_WORK TO BE COMPLETED_
Could you set down the listing below exactly, leaving out its pictures?

_SOURCE DATA_

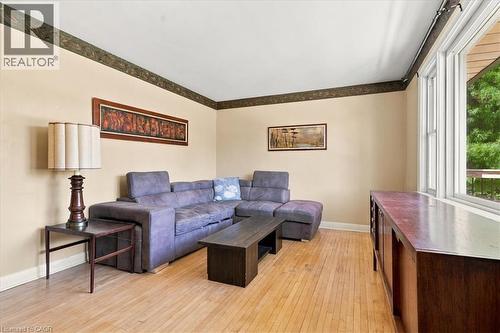 327 Highland Road E, Kitchener, ON 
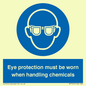MP7545: Eye protection must be worn when handling chemicals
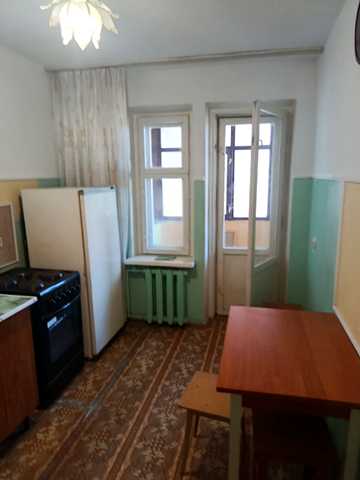 6-та Слобідська вул., 48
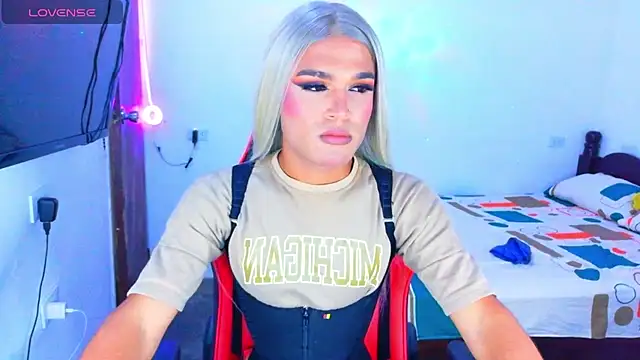 AllisonsweetZ online show from 04-07-26, 04:18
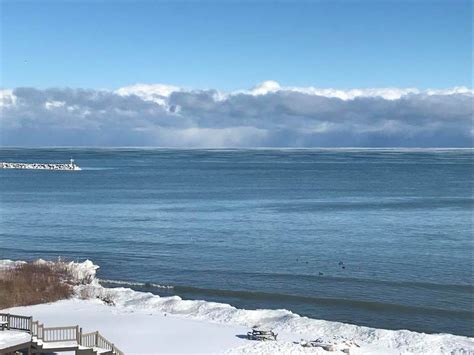 Snow Squalls Over Lake Huron Lexington Michigan Oc 960x720 Rpics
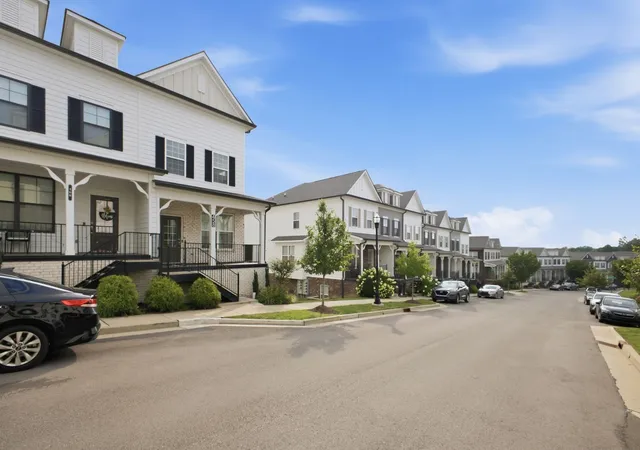 Photo 4 of Townhouse for sale at 458 Portsdale Dr, Brentwood, TN 37027 | MLS# 3609935 | Listing updated on 2026-10-09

_EXPECTED ANSWER_
 327 Highland Road E, Kitchener, ON 
MP7545: Eye protection must be worn when handling chemicals
 6-та Слобідська вул., 48
 AllisonsweetZ online show from 04-07-26, 04:18
 Snow Squalls Over Lake Huron Lexington Michigan Oc 960x720 Rpics
 Photo 4 of Townhouse for sale at 458 Portsdale Dr, Brentwood, TN 37027 | MLS# 3609935 | Listing updated on 2026-10-09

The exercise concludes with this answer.